Auch Peter Jaksch, Personalleiter der PATRIZIA Immobilien AG ist grundsätzlich bereit, neue Wege mit den Mitarbeitern zu gehen. "Auf diese Art haben wir bereits positive Erfahrung mit Sabbaticals und der Ausbildung in Teilzeit gemacht", so Jaksch. Nicht zu unterschätzen sei darüber hinaus die Rolle von Führungskräften und deren Fürsorgepflicht. Denn gerade durch die technischen Möglichkeiten und die Globalisierung der Arbeitswelt sind mittlerweile eine stetige Erreichbarkeit sowie eine enorme Flexibilität gegeben. Einigen Mitarbeitern fällt es daher schwer auch nach Dienstschluss abzuschalten. Motivierte und engagierte Mitarbeiter können so Gefahr laufen sich zu verausgaben. Aufgabe der Führungskräfte sei es, dies zu erkennen und frühzeitig zu reagieren, den Mitarbeiter also letztlich im Blick zu haben, stimmten Jaksch und Gundel überein.
Gleichzeitig bedeutet der technische Fortschritt aber auch große Chancen zur Flexibilisierung. "Für unser Unternehmen ist die Einrichtung von Home Office Arbeitsplätzen ein Gewinn", berichtet Holger Hundseder, Partner der SWMP Wirtschaftsprüfer Steuerberater GbR, denn auf diese Weise werde die Vereinbarkeit von Beruf und Familie unterstützt. Nichts desto trotz müsse ein Unternehmen bei der Flexibilisierung von Arbeitszeiten aber auch die rechtlichen Rahmenbedingungen im Blick haben, so Hundseder. So sei das Bilden von Rückstellungen gerade für kleinere Unternehmen ein beachtlicher finanzieller Aufwand.
In Sachen Arbeitszeitmodelle und Vereinbarkeit von Beruf und Familie ist Gertrud Grießer, stellvertretendes Mitglied des Vorstands der Kreissparkasse Augsburg, zu Hause. "Bereits 1974 wurde Gleitzeit in der Kreissparkasse eingeführt", so Grießer. Mit der Zeit seien weitere Flexibilisierungen entstanden und mit der Zertifizierung für das Audit berufundfamilie der Hertie Stiftung sei letztlich die ganze Bandbreite von Arbeitszeitmodellen ausgebaut worden. Mit einem Frauenanteil von 60% sei dies auch absolut notwendig.
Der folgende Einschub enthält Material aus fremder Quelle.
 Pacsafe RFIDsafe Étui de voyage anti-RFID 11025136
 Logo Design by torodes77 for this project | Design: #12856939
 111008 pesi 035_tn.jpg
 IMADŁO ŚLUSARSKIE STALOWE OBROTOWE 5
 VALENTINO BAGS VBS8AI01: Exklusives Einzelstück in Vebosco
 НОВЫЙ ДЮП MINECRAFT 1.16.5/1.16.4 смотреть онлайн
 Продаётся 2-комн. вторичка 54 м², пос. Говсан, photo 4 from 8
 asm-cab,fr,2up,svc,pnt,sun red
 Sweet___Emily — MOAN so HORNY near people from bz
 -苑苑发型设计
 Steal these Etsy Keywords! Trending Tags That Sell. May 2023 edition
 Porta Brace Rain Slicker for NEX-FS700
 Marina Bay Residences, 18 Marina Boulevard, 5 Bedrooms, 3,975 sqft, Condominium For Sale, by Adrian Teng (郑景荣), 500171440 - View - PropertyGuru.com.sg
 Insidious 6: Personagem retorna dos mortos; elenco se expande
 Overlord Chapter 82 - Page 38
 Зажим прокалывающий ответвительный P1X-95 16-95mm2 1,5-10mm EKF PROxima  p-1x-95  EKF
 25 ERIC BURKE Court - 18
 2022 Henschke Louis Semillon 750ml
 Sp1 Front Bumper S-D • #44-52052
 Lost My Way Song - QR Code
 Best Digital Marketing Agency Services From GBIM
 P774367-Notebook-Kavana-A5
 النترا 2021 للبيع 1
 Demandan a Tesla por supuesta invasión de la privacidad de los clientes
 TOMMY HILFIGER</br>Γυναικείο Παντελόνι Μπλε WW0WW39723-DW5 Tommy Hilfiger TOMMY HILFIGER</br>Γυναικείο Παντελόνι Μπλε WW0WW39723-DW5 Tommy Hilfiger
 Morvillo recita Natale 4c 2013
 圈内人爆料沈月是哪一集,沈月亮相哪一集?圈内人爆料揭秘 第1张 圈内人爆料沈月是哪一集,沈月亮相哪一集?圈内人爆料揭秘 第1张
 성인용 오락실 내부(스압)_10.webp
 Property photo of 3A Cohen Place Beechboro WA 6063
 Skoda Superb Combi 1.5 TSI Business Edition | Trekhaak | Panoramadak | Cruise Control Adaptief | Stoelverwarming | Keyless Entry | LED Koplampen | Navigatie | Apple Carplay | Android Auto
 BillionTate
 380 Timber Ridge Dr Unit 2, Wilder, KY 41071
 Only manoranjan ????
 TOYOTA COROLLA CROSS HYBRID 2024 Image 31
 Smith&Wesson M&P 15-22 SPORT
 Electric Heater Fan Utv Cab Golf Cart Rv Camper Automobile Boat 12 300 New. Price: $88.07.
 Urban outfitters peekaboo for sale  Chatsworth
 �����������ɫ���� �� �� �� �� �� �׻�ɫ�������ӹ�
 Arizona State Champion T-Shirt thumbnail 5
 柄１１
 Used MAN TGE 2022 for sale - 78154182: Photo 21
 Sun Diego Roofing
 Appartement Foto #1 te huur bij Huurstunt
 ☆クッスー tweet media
Mit diesem Stichwort widmete sich die Gesprächsrunde dem Thema Führen in Teilzeit und streifte das Handlungsfeld Vereinbarkeit von Beruf und Familie. Beiden Themen standen die Teilnehmer der Gesprächsrunde sehr offen gegenüber und diskutierten über die Realisierbarkeit. Betont wurde insbesondere die Notwendigkeit, dass die Themen nur umgesetzt werden, wenn auch die Geschäftsführung und die Führungskräfte selber überzeugt sind und entsprechend handeln, nicht nur den Mitarbeitern, sondern auch sich selber gegenüber. Einig war sich die Runde, dass das Thema Führen in Teilzeit von der jeweiligen Führungskraft vor allem die Bereitschaft abverlangt zu delegieren, da das operative Element der bisherigen Tätigkeit in den Hintergrund treten müsse. Gleichzeitig, so Grießer, bedeute dies auch eine große Chance für Nachwuchsführungskräfte. Durch die Neuverteilung der Arbeitsaufgaben würden diese eine frühzeitige Talentförderung erfahren.
Frühzeitig fand die Veranstaltung jedenfalls nicht ihr Ende. Weitere Themen wurden angesprochen, andere fanden, auf Grund der fortschreitenden Zeit, leider keine Berücksichtigung. Dennoch folgte das Plenum konzentriert dem Gespräch und gestaltete dies aktiv durch Fragen und Anmerkungen mit. Nachdem es Dr. Annette Rosch gelang, den Bogen zum Ende der Gesprächsrunde zu spannen, führten Veranstaltungsteilnehmer und Referenten die Gespräche bei einem Imbiss in gelöster Atmosphäre fort.